Despite bond yields inching higher, the dollar index against six major currencies dropped 0.44% on Thursday, retreating from a more-than-four-month high reached on Monday. Still, the S&P 500 ended the day at a new historical high after the bullish mood came on the back of the news that President Joe Biden signed the $1.9 trillion Covid-19 relief package. The fresh package sends direct payments of up to $1,400, extends a $300 per week unemployment insurance supplement, expands the child tax credit, and puts funds into vaccine distribution. Looking ahead, February’s Producer Price Inflation and University of Michigan Consumer Sentiment for March are due.
The euro traded 0.5% higher on Thursday, holding firm after the European Central Bank, as expected, ratified it would accelerate its emergency bond purchases over the next quarter. This came after a recent rise in bond yields that threatened to undermine its monetary policy, hence, the European economic recovery. Regarding the ECB’s new forecast, it now sees inflation at 1.5% this year, 1.2% in 2022, and 1.4% in 2023, still a long way from reaching the official target (at 2%). On the economic calendar, Germany’s Consumer Price Inflation for February, January’s Retail Sales and February’s Consumer Price Inflation from Spain, and Eurozone Industrial Production for January, all are due later today.

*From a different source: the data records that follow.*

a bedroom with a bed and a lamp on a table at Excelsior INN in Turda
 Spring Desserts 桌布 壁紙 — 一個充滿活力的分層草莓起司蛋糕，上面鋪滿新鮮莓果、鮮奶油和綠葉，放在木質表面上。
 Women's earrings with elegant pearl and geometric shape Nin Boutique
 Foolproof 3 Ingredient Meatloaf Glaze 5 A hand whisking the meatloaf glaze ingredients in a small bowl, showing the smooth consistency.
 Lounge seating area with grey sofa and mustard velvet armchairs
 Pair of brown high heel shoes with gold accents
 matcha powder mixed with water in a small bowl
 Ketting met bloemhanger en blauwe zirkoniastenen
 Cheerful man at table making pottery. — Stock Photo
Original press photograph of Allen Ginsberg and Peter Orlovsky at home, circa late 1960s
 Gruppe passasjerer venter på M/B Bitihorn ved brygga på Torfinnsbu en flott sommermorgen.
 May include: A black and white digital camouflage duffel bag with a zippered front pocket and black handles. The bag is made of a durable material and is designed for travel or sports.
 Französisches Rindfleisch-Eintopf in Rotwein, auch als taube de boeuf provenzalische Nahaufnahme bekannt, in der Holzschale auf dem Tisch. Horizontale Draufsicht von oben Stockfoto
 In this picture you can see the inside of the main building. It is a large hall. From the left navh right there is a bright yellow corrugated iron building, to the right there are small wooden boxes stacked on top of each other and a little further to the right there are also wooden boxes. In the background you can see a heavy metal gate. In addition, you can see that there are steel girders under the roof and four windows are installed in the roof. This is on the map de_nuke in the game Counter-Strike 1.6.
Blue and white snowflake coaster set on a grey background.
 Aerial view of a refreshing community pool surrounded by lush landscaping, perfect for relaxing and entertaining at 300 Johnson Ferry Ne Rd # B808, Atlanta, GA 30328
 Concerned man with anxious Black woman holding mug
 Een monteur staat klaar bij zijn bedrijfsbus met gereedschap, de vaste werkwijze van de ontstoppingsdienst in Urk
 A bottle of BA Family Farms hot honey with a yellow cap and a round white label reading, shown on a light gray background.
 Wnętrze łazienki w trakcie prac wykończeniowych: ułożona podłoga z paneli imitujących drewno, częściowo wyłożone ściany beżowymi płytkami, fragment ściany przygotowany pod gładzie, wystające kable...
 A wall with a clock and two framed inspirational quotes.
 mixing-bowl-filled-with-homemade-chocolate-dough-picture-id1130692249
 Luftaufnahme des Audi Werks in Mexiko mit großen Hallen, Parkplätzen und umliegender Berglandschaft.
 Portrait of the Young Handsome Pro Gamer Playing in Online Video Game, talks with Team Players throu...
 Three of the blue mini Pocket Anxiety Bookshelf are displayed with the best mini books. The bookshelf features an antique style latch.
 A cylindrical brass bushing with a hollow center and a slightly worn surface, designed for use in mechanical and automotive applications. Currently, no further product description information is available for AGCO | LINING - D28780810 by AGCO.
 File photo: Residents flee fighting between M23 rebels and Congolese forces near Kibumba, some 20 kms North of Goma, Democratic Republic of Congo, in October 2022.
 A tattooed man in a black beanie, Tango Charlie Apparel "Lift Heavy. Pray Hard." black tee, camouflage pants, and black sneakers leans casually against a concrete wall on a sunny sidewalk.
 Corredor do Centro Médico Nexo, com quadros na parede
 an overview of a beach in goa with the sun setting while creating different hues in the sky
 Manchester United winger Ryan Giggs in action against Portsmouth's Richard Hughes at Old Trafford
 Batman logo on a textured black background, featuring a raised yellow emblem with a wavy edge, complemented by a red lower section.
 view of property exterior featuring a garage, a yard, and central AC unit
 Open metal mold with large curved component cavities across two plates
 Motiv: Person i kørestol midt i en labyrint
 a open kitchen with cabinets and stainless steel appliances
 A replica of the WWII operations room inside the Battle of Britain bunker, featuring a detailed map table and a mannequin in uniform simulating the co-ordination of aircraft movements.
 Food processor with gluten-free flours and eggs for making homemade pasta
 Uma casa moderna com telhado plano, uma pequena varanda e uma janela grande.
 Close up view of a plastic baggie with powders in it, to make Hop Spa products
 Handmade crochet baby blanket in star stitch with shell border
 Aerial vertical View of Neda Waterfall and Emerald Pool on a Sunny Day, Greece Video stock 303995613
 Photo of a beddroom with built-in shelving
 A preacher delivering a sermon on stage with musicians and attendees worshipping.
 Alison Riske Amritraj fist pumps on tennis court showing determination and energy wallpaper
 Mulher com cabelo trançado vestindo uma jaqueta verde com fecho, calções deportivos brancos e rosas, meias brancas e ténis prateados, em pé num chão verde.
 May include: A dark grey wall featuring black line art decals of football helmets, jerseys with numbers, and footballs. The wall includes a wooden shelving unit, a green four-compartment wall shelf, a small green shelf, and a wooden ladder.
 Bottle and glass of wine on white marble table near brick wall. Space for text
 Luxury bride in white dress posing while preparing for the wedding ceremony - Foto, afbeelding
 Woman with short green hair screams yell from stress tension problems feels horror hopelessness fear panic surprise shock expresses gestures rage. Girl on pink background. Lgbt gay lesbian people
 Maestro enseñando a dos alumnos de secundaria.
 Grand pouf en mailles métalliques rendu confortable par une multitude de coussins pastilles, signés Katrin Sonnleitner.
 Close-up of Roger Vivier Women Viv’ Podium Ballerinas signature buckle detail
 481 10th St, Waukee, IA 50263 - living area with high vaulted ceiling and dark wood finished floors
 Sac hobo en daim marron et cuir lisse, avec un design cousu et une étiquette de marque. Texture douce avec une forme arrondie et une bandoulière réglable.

Yesterday, the Cable notched its fourth straight gain (+0.44%) and it was the pound’s best run since the end of February after the U.K. decided to postpone border checks on goods coming from the European Union until next year has delighted the country’s importers. This has relieved fears that import checks could impede the recovery of the nation’s economy. Today’s calendar will provide the market with fresh economic data from the U.K., giving a clearer overall direction for the Pound. This morning, January’s GDP came at -2.9% as government restrictions reduced economic activity, however, the reading was less dreadful than expected (-4.7%). Wrapping the day up, the market will get the full range of production numbers later today.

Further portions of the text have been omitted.